ASSIGNED TASK:
The reply should hold only the lines from the one with "Chemise à rayures" through the end of the data, each given exactly.

Source data:
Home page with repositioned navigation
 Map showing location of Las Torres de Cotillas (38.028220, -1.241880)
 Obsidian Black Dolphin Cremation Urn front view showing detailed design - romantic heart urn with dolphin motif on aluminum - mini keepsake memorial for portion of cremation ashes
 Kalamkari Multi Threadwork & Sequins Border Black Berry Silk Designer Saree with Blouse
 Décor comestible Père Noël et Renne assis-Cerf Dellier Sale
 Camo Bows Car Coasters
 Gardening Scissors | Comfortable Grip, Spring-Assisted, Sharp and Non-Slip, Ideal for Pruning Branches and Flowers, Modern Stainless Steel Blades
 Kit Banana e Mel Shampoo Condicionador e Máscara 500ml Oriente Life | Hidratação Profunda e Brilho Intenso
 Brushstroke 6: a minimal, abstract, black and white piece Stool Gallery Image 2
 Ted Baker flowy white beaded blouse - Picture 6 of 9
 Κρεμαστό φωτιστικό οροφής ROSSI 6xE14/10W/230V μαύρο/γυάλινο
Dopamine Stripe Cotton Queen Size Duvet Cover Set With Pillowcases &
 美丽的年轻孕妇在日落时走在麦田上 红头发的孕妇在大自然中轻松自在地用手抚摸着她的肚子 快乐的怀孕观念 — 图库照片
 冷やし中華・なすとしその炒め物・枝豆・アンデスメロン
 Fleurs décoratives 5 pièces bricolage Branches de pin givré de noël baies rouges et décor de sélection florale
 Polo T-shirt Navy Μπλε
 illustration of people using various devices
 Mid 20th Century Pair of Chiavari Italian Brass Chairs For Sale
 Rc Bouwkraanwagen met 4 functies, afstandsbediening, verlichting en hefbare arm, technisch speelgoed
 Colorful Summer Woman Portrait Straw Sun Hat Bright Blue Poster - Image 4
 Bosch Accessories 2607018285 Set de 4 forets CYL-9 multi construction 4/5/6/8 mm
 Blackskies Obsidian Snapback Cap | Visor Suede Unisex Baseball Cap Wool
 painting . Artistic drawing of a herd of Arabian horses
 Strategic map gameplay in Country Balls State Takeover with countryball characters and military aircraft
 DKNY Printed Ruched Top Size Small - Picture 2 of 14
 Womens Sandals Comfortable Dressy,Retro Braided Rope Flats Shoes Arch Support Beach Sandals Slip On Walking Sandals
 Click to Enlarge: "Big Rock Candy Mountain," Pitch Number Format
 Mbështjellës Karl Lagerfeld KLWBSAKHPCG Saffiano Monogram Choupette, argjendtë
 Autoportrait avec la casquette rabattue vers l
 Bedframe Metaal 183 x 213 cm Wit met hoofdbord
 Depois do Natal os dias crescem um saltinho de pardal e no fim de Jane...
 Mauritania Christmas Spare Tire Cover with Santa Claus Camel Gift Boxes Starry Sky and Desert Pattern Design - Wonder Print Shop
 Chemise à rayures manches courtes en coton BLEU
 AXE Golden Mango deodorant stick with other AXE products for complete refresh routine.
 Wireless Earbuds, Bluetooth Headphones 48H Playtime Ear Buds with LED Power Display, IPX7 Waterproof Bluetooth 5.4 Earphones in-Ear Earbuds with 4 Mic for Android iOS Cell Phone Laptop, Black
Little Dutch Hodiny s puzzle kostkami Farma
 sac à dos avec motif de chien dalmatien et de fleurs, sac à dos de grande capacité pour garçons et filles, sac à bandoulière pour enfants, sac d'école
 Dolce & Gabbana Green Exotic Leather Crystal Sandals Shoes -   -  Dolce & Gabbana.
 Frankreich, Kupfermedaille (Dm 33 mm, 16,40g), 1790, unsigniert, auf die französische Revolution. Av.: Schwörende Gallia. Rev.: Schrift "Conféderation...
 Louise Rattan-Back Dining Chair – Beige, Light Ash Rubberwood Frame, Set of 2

EXERCISE RESULT:
 Chemise à rayures manches courtes en coton BLEU
 AXE Golden Mango deodorant stick with other AXE products for complete refresh routine.
 Wireless Earbuds, Bluetooth Headphones 48H Playtime Ear Buds with LED Power Display, IPX7 Waterproof Bluetooth 5.4 Earphones in-Ear Earbuds with 4 Mic for Android iOS Cell Phone Laptop, Black
Little Dutch Hodiny s puzzle kostkami Farma
 sac à dos avec motif de chien dalmatien et de fleurs, sac à dos de grande capacité pour garçons et filles, sac à bandoulière pour enfants, sac d'école
 Dolce & Gabbana Green Exotic Leather Crystal Sandals Shoes -   -  Dolce & Gabbana.
 Frankreich, Kupfermedaille (Dm 33 mm, 16,40g), 1790, unsigniert, auf die französische Revolution. Av.: Schwörende Gallia. Rev.: Schrift "Conféderation...
 Louise Rattan-Back Dining Chair – Beige, Light Ash Rubberwood Frame, Set of 2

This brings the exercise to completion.